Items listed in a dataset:
◆ ◆ ◆ ◆ ◆ ◆ ◆
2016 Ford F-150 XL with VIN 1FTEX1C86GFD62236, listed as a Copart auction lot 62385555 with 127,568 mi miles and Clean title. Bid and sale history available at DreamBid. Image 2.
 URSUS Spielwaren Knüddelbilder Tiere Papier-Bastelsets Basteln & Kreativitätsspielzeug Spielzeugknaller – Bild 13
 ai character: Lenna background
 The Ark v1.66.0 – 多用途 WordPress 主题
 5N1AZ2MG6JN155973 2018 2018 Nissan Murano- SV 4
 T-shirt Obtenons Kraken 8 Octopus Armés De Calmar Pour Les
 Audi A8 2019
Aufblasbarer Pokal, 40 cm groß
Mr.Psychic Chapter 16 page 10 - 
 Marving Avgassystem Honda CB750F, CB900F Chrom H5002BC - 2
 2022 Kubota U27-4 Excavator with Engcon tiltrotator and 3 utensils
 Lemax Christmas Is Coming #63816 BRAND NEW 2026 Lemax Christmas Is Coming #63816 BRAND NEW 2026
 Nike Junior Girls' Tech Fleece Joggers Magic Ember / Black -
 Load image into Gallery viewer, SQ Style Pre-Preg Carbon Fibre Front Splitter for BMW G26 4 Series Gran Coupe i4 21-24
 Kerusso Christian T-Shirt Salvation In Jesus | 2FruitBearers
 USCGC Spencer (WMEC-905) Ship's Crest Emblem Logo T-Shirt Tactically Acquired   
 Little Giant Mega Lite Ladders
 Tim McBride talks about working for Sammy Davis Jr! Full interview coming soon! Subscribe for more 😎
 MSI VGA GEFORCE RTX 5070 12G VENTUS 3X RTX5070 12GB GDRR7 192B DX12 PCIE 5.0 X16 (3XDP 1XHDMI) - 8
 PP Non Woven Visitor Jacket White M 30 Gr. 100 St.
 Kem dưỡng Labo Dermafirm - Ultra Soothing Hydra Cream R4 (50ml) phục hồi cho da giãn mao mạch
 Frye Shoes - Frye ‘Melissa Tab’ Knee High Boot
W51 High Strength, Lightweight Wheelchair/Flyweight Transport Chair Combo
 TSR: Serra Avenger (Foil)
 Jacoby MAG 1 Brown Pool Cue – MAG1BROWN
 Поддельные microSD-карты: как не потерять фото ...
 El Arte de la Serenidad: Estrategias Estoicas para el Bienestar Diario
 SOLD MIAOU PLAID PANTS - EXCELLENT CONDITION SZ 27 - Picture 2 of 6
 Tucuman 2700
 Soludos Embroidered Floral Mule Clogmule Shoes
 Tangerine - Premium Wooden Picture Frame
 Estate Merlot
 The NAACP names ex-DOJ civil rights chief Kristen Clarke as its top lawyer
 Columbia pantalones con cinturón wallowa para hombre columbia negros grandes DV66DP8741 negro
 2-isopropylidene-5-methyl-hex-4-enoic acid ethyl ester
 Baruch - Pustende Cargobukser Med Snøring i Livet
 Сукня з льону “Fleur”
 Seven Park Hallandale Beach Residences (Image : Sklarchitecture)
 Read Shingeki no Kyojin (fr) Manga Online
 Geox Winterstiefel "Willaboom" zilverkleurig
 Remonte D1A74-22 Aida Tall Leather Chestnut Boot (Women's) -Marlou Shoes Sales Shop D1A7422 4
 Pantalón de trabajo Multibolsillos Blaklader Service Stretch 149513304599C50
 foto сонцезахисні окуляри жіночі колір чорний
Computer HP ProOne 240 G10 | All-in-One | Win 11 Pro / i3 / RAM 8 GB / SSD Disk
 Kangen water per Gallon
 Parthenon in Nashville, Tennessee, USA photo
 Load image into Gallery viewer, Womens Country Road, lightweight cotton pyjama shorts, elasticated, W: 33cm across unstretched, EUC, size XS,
◆ ◆ ◆ ◆ ◆ ◆ ◆
| Exercise |
Nothing but a number, please, for how many lines of the data hold "Picture".

| Solution to the exercise |
2